One Decision

Today’s post is going to be a little different. I’m not going to recap my week but I am going to share a story. 8 years ago today I made a decision that would forever change my life. (Also, let’s ignore the fact that I didn’t post a recap last week 😂 These last couple of weeks I’ve been finishing up my summer classes and have had other things keeping me way busy.) But hopefully, this post makes up for it 🙂

I remember it so vividly.

To start, my family and I had just spent a long weekend up in Eureka Springs, Arkansas. At this point, surgery was not on the radar what so ever. I didn’t even know who Dr. Standard was. If you’re familiar with Eureka Springs then you know its architecture and pathways. It’s a challenge for anyone. I honestly can’t remember what made me snap but I remember saying to my mom at one point on the trip, “I just need you to make me do it” and she looked at me like “what are you talking you about” and said, “…do what?” I remember just rolling my eyes irritated because she couldn’t read my mind (#lol) and I said, “lengthen my legs!!”

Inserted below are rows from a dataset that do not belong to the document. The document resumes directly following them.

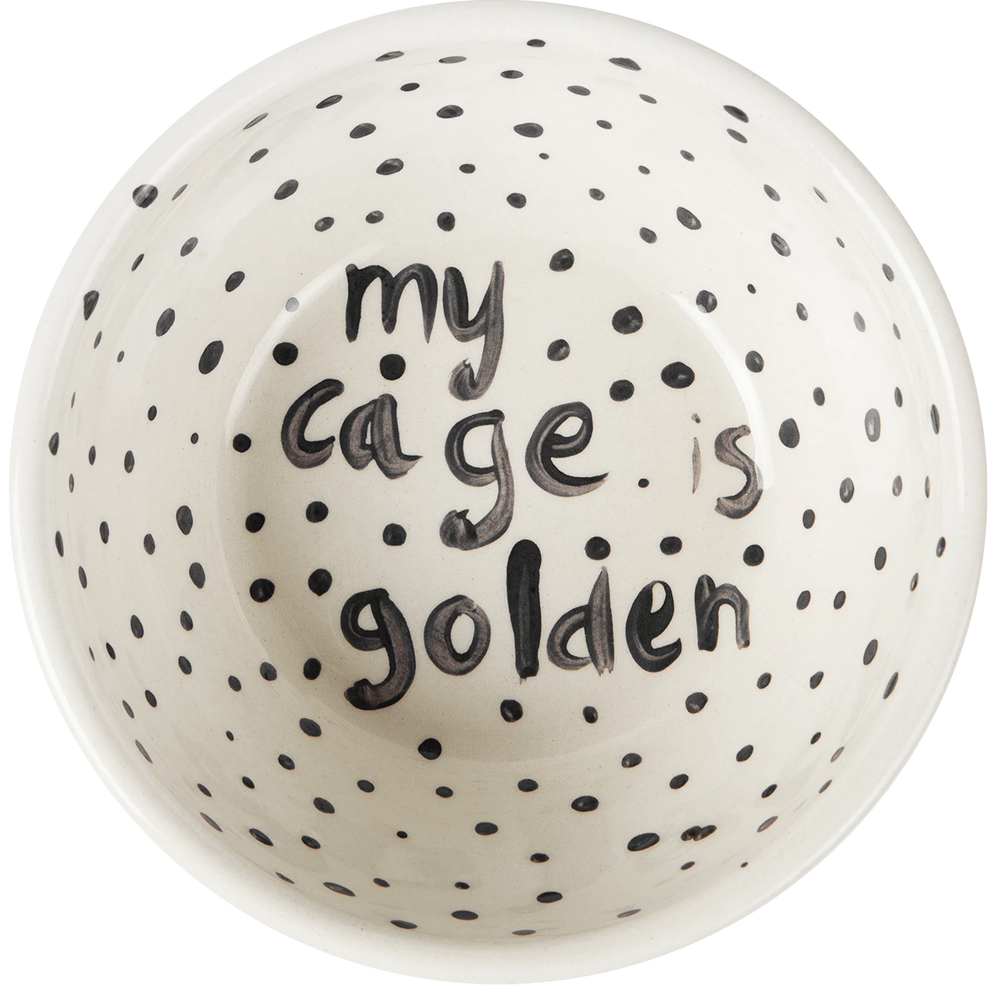 "My Cage Is Golden" Hand Painted Bowl 11/12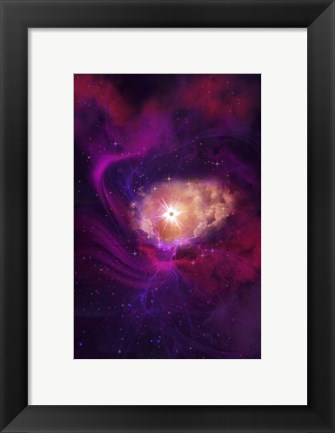 Framed Purple and Red Molecular Clouds Surround a Large Star Nebula Print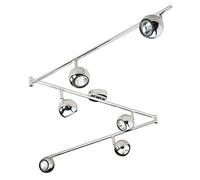 MiniSun | Retro Adjustable 6 Way Eyeball Polished Chrome Ceiling Spotlight | LED Bulbs, Home Décor & Improvement Essential | Includes Bulb [Warm White]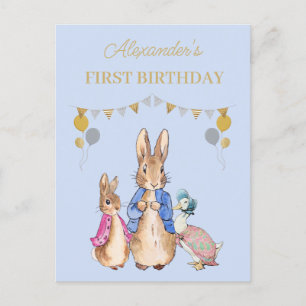 Personalize Peter rabbit 1st Birthday Invitation Postcard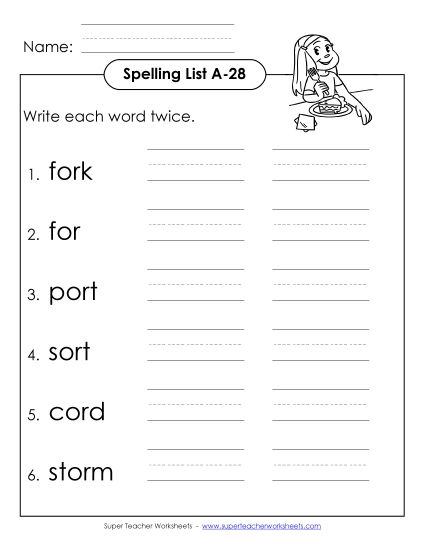 Worksheets - Write Twice (A-28)
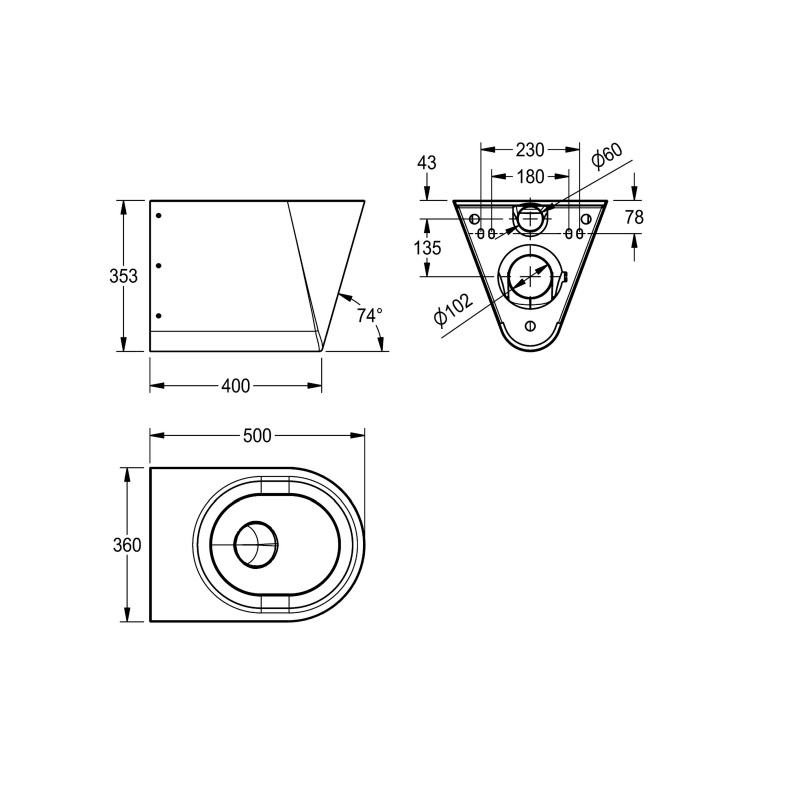 KWC Campus Stainless Steel Wall Mounted Toilet Pan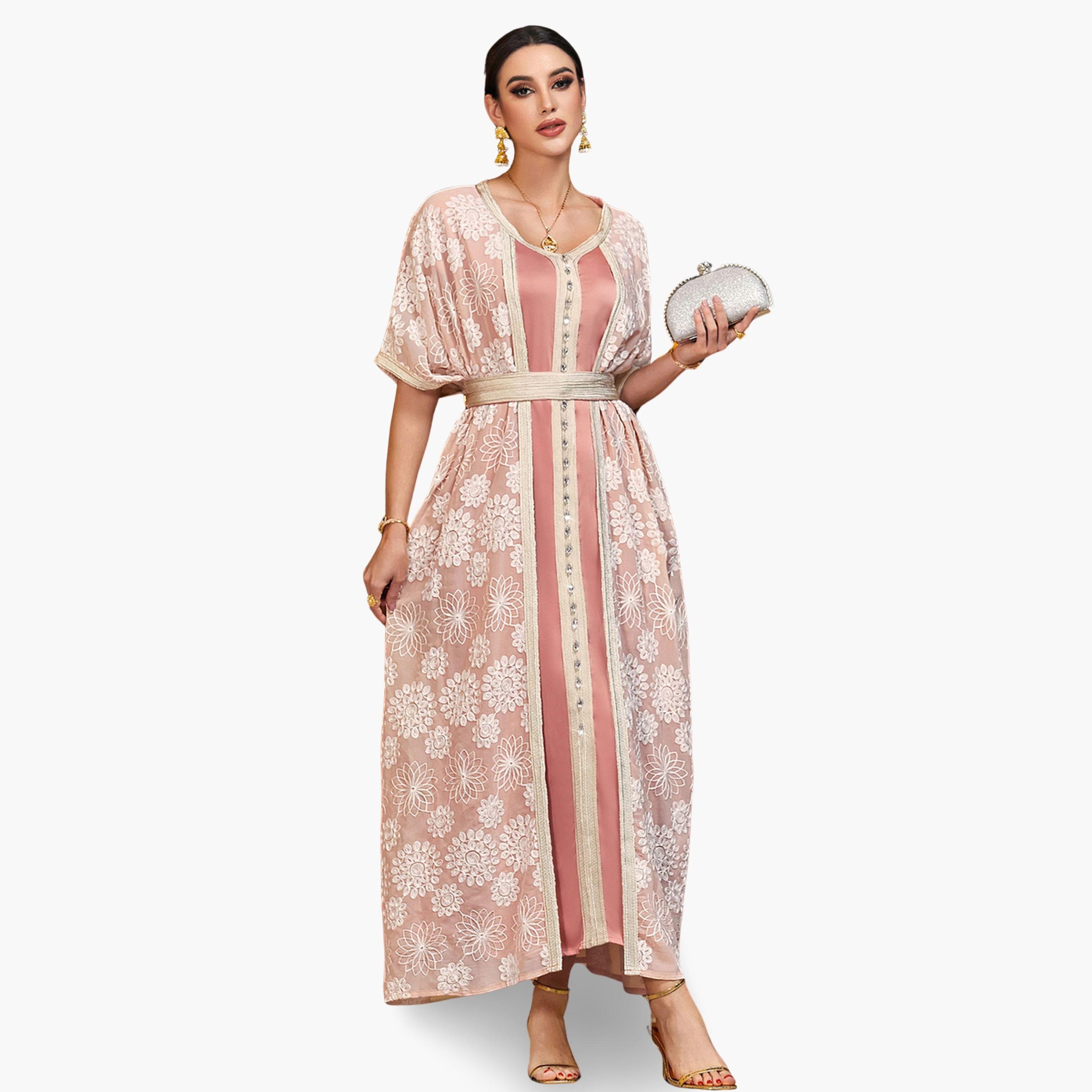 جلابية مزينة بالفصوص ورقع زهور مع حزام-women-arabicclothing-jalabiyas-image-5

So we decided that when we got home we would call and make an appointment with Dr. Rozbruch at the Hospital for Special Surgery in New York. I met Dr. Rozbruch in 2005 to discuss lengthening and he was amazing. After a while, I sort of stopped talking about limb lengthening but I still had my moments where I would say, “well when I lengthen…”

Then it was like the sun, the earth, and stars all aligned or something like that. The time between my family vacation in Eureka Springs to meeting Dr. Standard and scheduling my surgery all happened in a span of 2 weeks. After we got home from Eureka Springs there was a special on TV that week that briefly mentioned limb lengthening. It was a story of a girl who had a stunted growth in her leg due to previous health complications. After they mentioned Dr. Standard, I said to my mom, “well what about that guy?” So we looked him up and he was at Sinai Hospital where I last saw Dror Paley in 2002. I had seen Dr. Paley a few times before that when he was at Kernan.

We called Sinai the next day and talked to Dr. Standard’s secretary at the time who said his next available appointment was Thursday, August 5, 2010. We went ahead and booked it because any dates after that ran into the school year. After scheduling the appointment she directed us to call Amy at the Hackerman-Patz House. The Hackerman-Patz house was built for patients and their families of the Rubin Institute who needed to stay in Baltimore for long periods of time. Like I mentioned earlier with the stars aligning there was availability at HP (which we didn’t know this at the time but if you know anything about HP is it books up FAST) We booked HP and plane tickets and were off. I remember on the way up there saying to my mom, “what if he want’s to do it the next day?!” I had so many what if’s going through my mind.

When it came to the day of the appointment I remember it all so vividly. We walked over to Sinai from HP and waited in the waiting room, then I had x-rays and they put us in the room. I remember Dr. Standard walking in and introducing himself. He sat with us for so long just answering every single question I had and discussing any concerns.

After the appointment, Marilyn gave us the tour of the hospital. Showed us where physical therapy and pool therapy were, the children’s hospital, and so on.

I remember waiting in the chairs right off the elevator in the RIAO clinic waiting for Barb, Dr. Standard’s secretary at the time, to come out with the surgery schedule. The next available appointment was in September. That broke my heart because I was ready to do it the next day. Then she remembered someone had just canceled their surgery on August 24 there was no pause. Right away, I said, “I’ll take it.” Right there on that Thursday afternoon, I made one decision that gave me a totally different life. I even remember eating the fries in the Sinai Cafeteria that were seasoned with Old Bay while I called my dad, brother, and sister to tell them I finally decided to do it.

It’s still all so surreal to me. I can’t believe it’s been 8 years. Most children with dwarfism begin lengthening around 8 years old. I was 16 when I started. I always wish I had started at a younger age like 8 or 10 but had I done so it would’ve been a totally different experience and a totally different story – there probably wouldn’t even be a story to tell.

I’m glad I finally took the time to sit and write about this moment. There are a lot more details I could have shared that I plan on sharing soon but I hope with today’s post it gives you an insight into how that day went and how I was feeling. Maybe it motivates you to make one decision you’ve been scared to make. Changes are scary, I know. But sometimes we have to just take the leap.